NARMAX model representation; In Non-linear Auto-Regressive Moving Average with eX- ogenous input (NARMAX) model representation, an extension of the ARMAX model for linear systems is a form of system representation with non-linear difference equations or polynomials. This form has generated much interest as a result of these qualities;
1. No restrictions to the nature of signal inputs unlike the others previously studied
2. Its model parameters are linear thus rendering analysis simpler
3. Physical interpretations of the models are possible under certain conditions
4. It allows for integration of other formulations like the block oriented, and Volterra series model structures
The NARMAX model structure has successfully been applied to systems modelling and identification problems as illustrated in the following.
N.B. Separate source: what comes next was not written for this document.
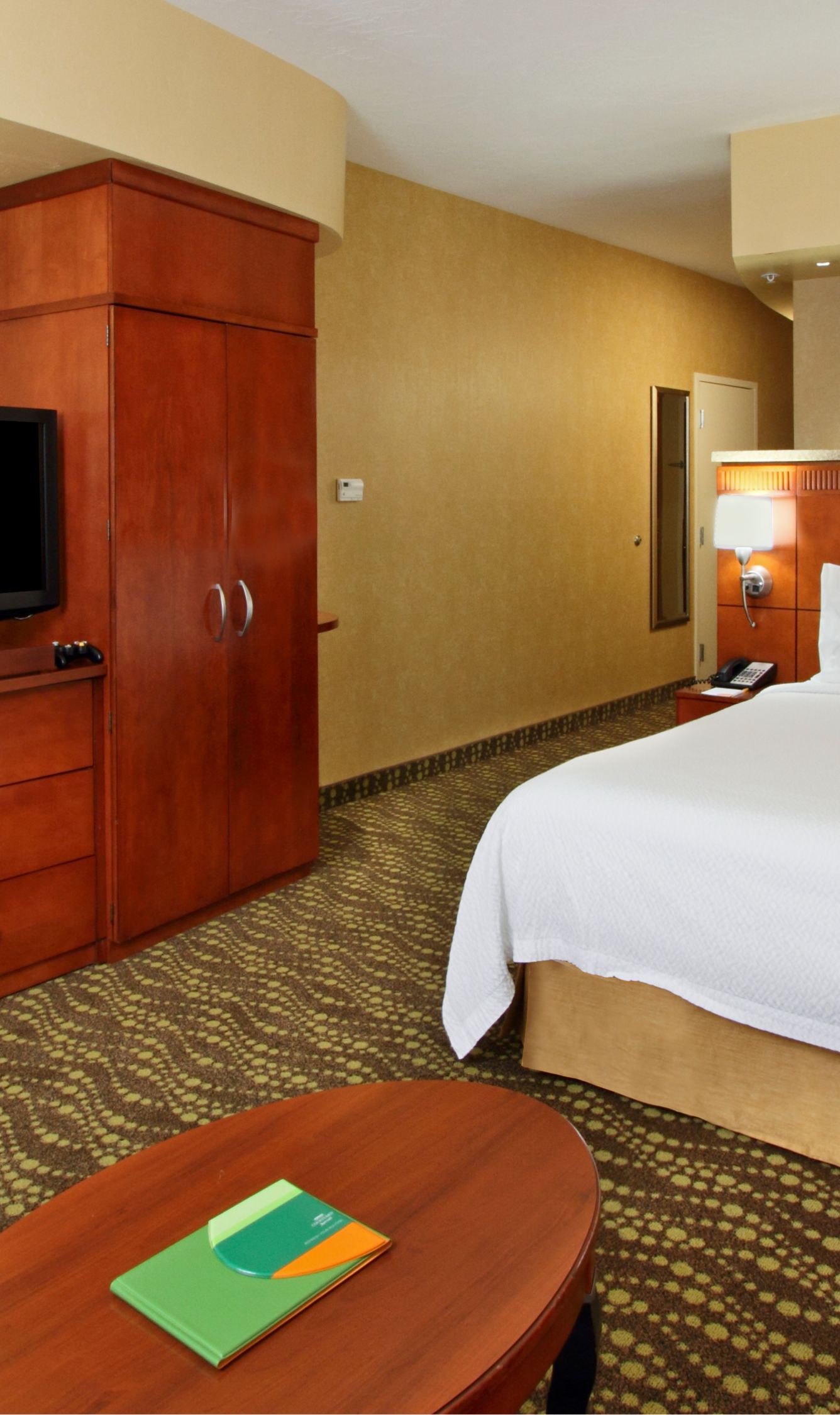 Courtyard Marriott Rooms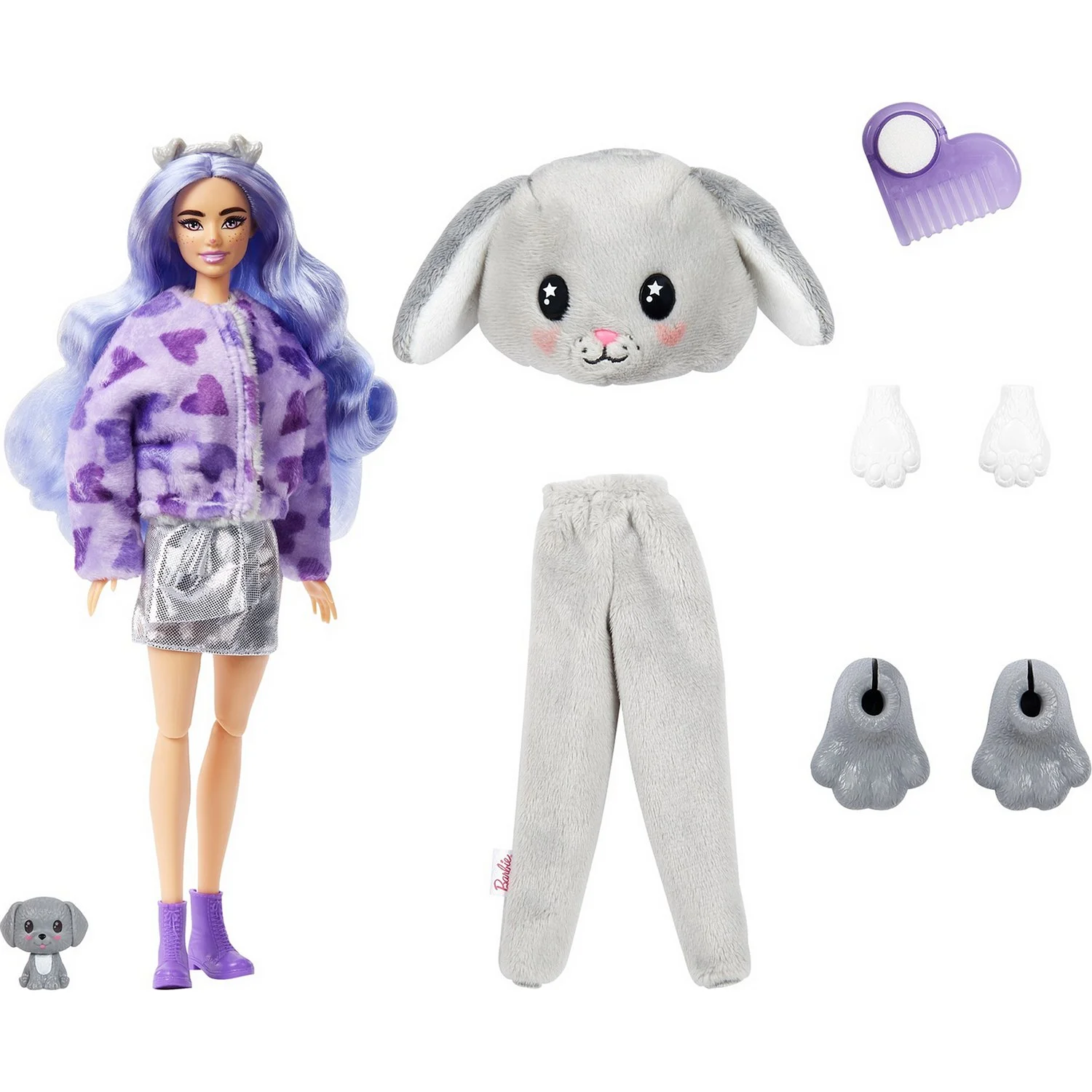 Кукла Barbie Cutie Reveal Милашка-проявляшка Щенок - миниатюра 2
Piece-wise linear models; These are representations of approximations of the system non- linearities localized at various regions of operation. This technique has also be used often where it is nearly impossible to obtain a single model representation of the system capturing most of the system characteristics. One major issue with this model is the determination of the regions of model validity.
2.4.3
The system identification process
The basic motivation in system identification is; given a model structure of a system to obtain the estimation of model parameters adequate for replication of the system from the input-output data set. The models obtained could therefore be;
1. Linear or non-linear
2. Static or dynamic
3. Continuous-time or discrete-time
4. Deterministic or stochastic
5. Parametric (lumped or distributed) or non-parametric
6. Phenomenological or representative
Insight and prior knowledge of a system are often helpful in the determination of an adequate model structure for the system and estimation of its parameters to fit the data to a given model structure. Many a time identification problems reduce to curve fitting optimisation problems, minimizing the difference between the measured output data and the model structure often in a square-error-sense. Minimization of a cost function subject to some constraints can often take any of the many forms in the previous section depending on the purpose and the level of physical insight employed.
In chapter 4, a carefully designed set of experiments would be performed for the purpose of using the input-output data from such experiments to identify the parameters of the proposed model structure and some other model of friction. In the next section a review of friction compensation and control schemes adopted for frictional systems is undertaken since one of the research objectives is to identify models adequate for the purposes of control.